Y así hizo con todos los otros. Si de cualquier manera lo iban a despedir; mejor dicho, si ya estaba despedido, ¿qué perdía haciendo lo que hizo? ¡No perdía nada! Todo lo contrario: se jugó la última carta y había ganado, porque estos deudores iban a quedar eternamente agradecidos con él. ¡Su vejez estaba asegurada, pues un día lo invitaría uno a su casa a comer, y otro día otro! Ya no tendría que mendigar ni que andar por las calles del pueblo extendiendo la mano en busca de un pedazo de pan… Se retiraba, por decir así, con la cabeza levantada y pisando fuerte.
¡Qué hombre más inteligente!
Jesús mismo no pudo menos de alabar su ingenio. ¡Cómo, antes de ser despedido, supo hacerse amigos que después ya no lo dejarían solo! «Por eso les digo yo –concluyó el Maestro-: con el dinero, tan lleno de injusticia, gánense amigos para que, cando esto se acabe, los reciban en las moradas eternas».

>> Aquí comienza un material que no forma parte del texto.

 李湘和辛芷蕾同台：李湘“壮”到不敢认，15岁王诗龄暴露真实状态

Con esta sencilla historia, Jesús ha querido responder a estas dos preguntas que, si no fueran eternas, creeríamos que son banales «¿Para qué sirve el dinero?, ¿para qué sirve el poder?». Y su respuesta es: para que te hagas todos los amigos que puedas: sólo para eso. ¿Eres rico? Hazte amigos. ¿Eres poderoso, ocupas un cargo de cierta importancia? Hazte amigos igualmente.

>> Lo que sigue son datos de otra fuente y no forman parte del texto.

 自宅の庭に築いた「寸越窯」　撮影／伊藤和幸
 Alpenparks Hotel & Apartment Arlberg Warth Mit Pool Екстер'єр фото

Hay quienes, al tomar posesión de un cargo, empiezan a ver a los demás mortales como a hormigas (¡tan encumbrados se sienten ocupando su flamante escritorio de caoba!). Bien, que se anden con cuidado, porque no siempre estarán ahí, porque la rueda de la fortuna gira y gira y no es nada seguro que los que están arriba permanezcan en la cumbre eternamente. Sí, la fortuna es una rueda que no deja de girar: los que hace poco estaban abajo, resulta que ahora están arriba, y si no los trataste bien cuando tenías la sartén por el mango, como se dice, ellos lo recordarán una y otra vez, y ahora será la suya.

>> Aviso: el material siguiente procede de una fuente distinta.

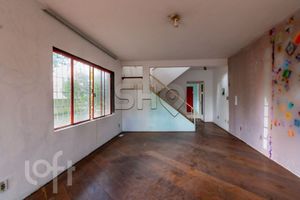 Image 1 - 809421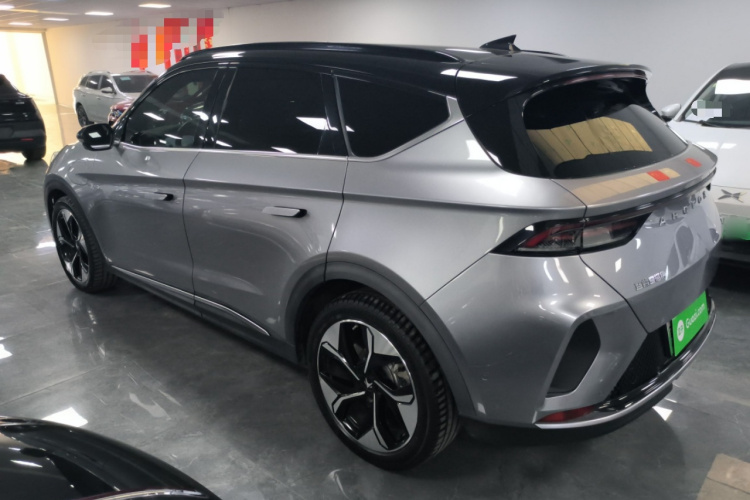 ARCFOX极狐 极狐 阿尔法T(ARCFOX αT) 2022款 653S+ 160kW车身外观4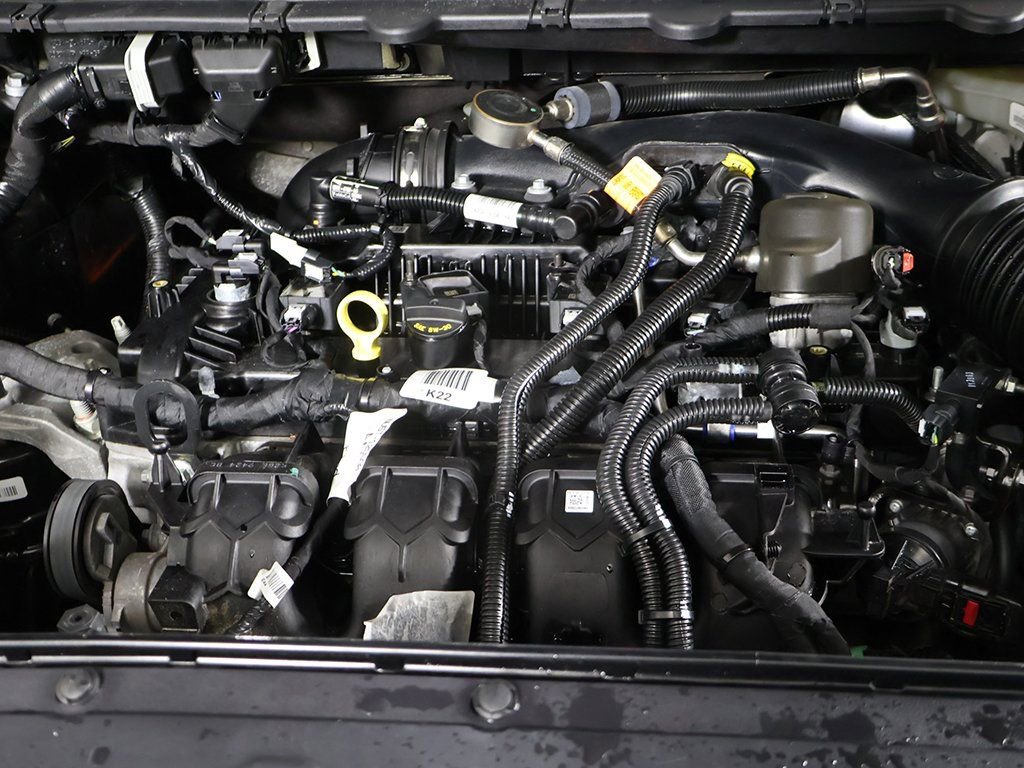 Used 2024 Ford Edge SEL image 17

Hay quienes piensan que el poder es necesario para enriquecerse, y que el enriquecimiento es ya en sí mismo una forma de poder; en una palabra, que la riqueza y el poder se bastan a sí mismos. Si así es como piensas tú, déjame decirte, lector, que te equivocas. ¡Rompe el círculo! Hoy que la vida te ha favorecido, favorece a los que puedas, porque nada sabes del futuro. Haz como el hombre de la parábola: gánatelos a todos, porque no siempre serás administrador y quizá un día el patrón de turno te mande llamar para decirte:
-Dame cuenta de tu gestión porque estás despedido.
Si esto te dijeran sin que te hubieras hecho amigo de nadie, entonces sí que estarás perdido.
Toda la sabiduría de la vida está en esta sencilla parábola. Hazte amigos ahora que puedes; porque, si no lo haces ahora, quién sabe si lo podrás hacer mañana. «Conoce la ocasión o la oportunidad»: según Pítaco, el filosofo griego, no había conocimiento en el mundo más útil que éste.
Sí, aprovecha la oportunidad, porque mañana, sin que te des cuenta, quizá sea ya demasiado tarde.